News of the Weird
Bizarre but true stories about real people collected by syndicated columnist Chuck Shepherd.
Britain’s Darts Regulatory Authority announced in November that professional darts player Robbie “Kong” Green had been suspended for eight weeks after a positive drug test (marijuana).
The Federation of Black Cowboys, of Brooklyn, N.Y., with 35 members and 45 horses, lately must do its riding on city streets in traffic that was not a problem until urban sprawl enveloped their Cedar Lane Stables, according to an October New York Times profile.
Some British and German drivers have over-relied on their cars’ satellite-navigation devices, according to a December Reuters dispatch, sometimes with tragic (or hilarious) results. A 53-year-old German man thought the device’s instruction to turn “now” meant not at the next corner but right that second, and he crashed into a building.

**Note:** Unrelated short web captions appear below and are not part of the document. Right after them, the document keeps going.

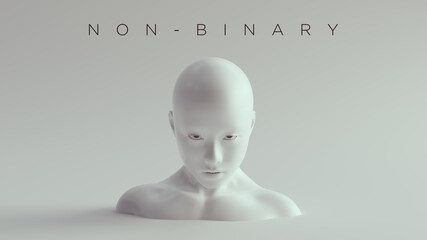 Non-Binary Female Male White Bust Head and Shoulders Front 3d illustration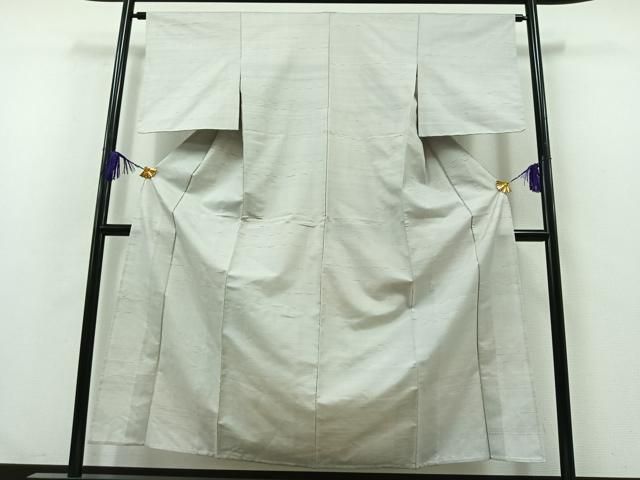 平和屋着物 上質な紬 単衣 横段文 正絹 AABA9533jh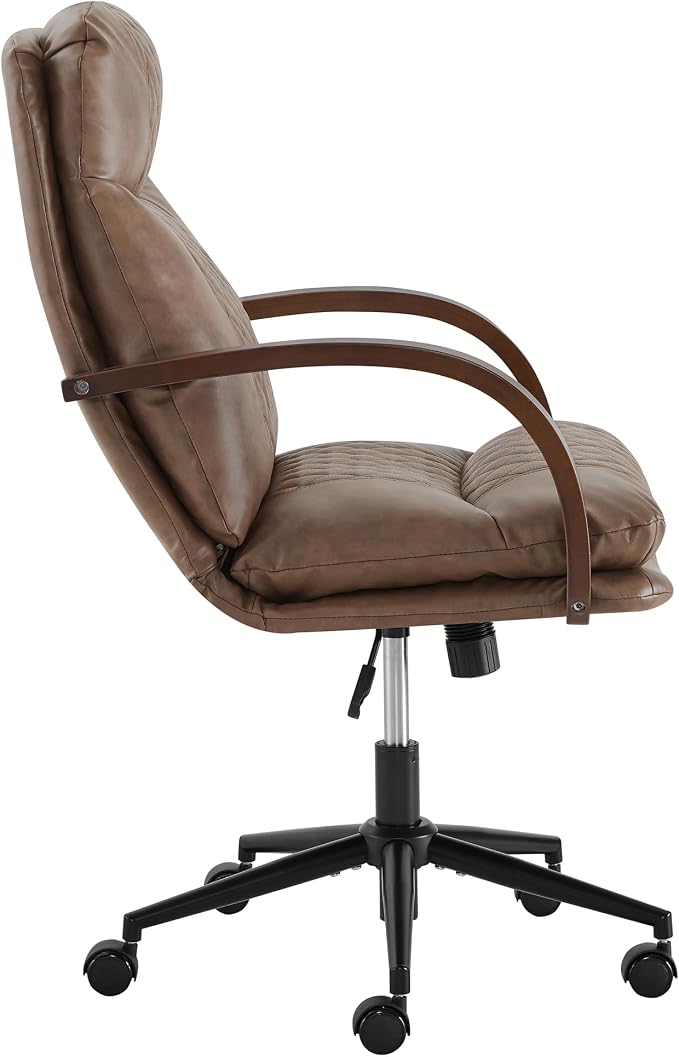 KISLOT Home Office Desk Chair, Ergonomic Office Chair with Lumbar Support, Adjustable Swivel Computer Chair with Wheels, Faux Leather Executive Task Chair with Wood Arms, Brown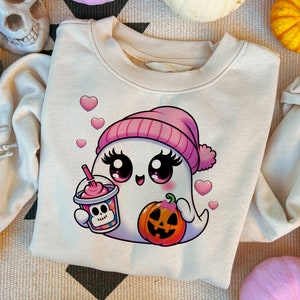 Halloween png, Cute Ghost png, Coffee png, Bougie png, Bougie Ghost, Pumpkin Sublimation Design, Sticker png, Mug png, dtf, png Download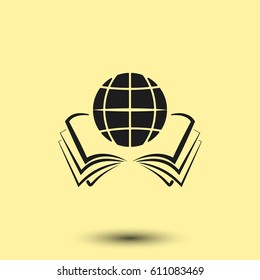 open book and globe icon stock vector illustration flat design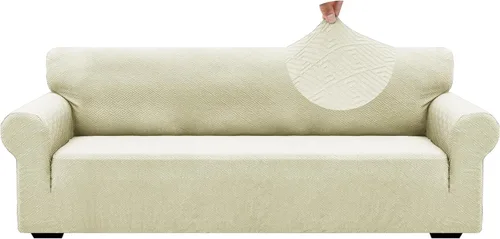 Vista 35 de ZNSAYOTX 1 Funda de silla Jacquard para sala de estar, funda de silla de alta elasticidad con brazos, antideslizante, apta para mascotas, funda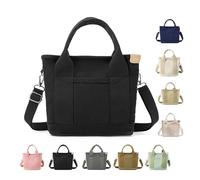 Snrtevu Sac à main multi-poches de grande capacité, sac à main en toile avec compartiments, sac à bandoulière fait à la main pour l'école, l'université, le travail, les voyages, un usage quotidien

Another followed instructions but ignored a prominent “closed for construction” sign and plowed into a pile of sand. Said an exasperated German auto club spokesman, “It’s not as if people are driving in a tank with only a small slit to see out.” (In November, an ambulance in London went 400 miles to make a 20-minute trip, and in May another took 90 minutes to take a crash victim to a hospital 10 minutes away, both due to faulty “sat-nav” programming.)